The dividends paid or payable and those proposed are summarised below:
Six months Six months Year ended
Ended Ended 31 December
30 June 30 June 2005
2006 2005
(a) dividends reflected in the
financial statements
Dividends paid per share 0.392p - 0.396p
(b) dividends not reflected in the
financial statements
Final dividend proposed per share - 0.264p 0.278p
Interim dividend proposed per share 0.049p 0.132p -
7. Goodwill
The building products business of Schlegel was acquired on 4 April 2006 for £84
million. These interim results include a provisional assessment of fair value
of the assets and liabilities and consequently of the goodwill.
8. Liabilities
Current liabilities include the £5,000,000 loan and non-current liabilities
include the non-current loan of £30,000,000 described under note 9 below. No
drawings have been made under the revolving loan facility. Net debt stood at
£31,800,000.
9. Funding of the acquisition of Schlegel
The acquisition of Schlegel was financed by:
(i) Raising £53 million by way of a placing and open offer of
378,571,429 ordinary shares in Lupus at an issue price of 14p per share. The
shares were issued through a subsidiary in such manner that the entire premium
on the issue became available as a credit to distributable reserves.

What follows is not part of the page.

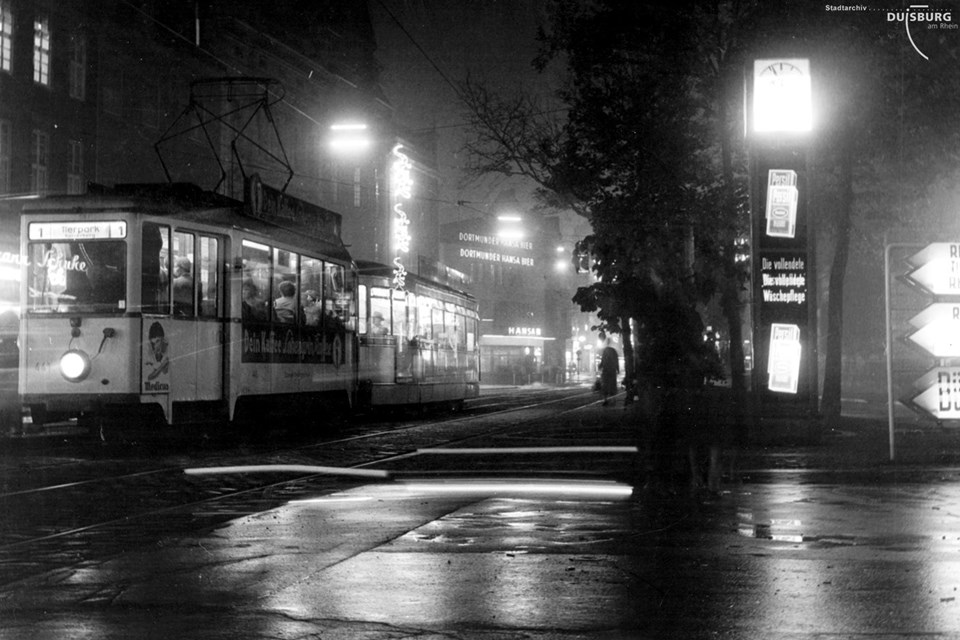 Ночной рейс трамвая по Кёнихштрассе. 1956. Городской архив Дуйсбурга. Дуйсбург, улица Кёнигштрассе, №563.
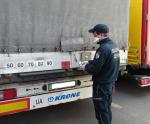 funkcjonariusze KAS kontroluje naczepę samochodu ciężarowego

(ii) A new debt facility provided by Bank of Scotland comprising a term
loan of £35,000,000 (of which £30,000,000 is current and £5,000,000 long-term)
and a multicurrency revolving loan facility of £10,000,000.
Secretary Cavendish Administration Limited
Registered office Crusader House
145-157 St John Street
London EC1V 4RU
The interim report will be sent to shareholders and copies will be made
available to the public at the registered office of the Company and at the
Company's website www.lupuscapital.co.uk.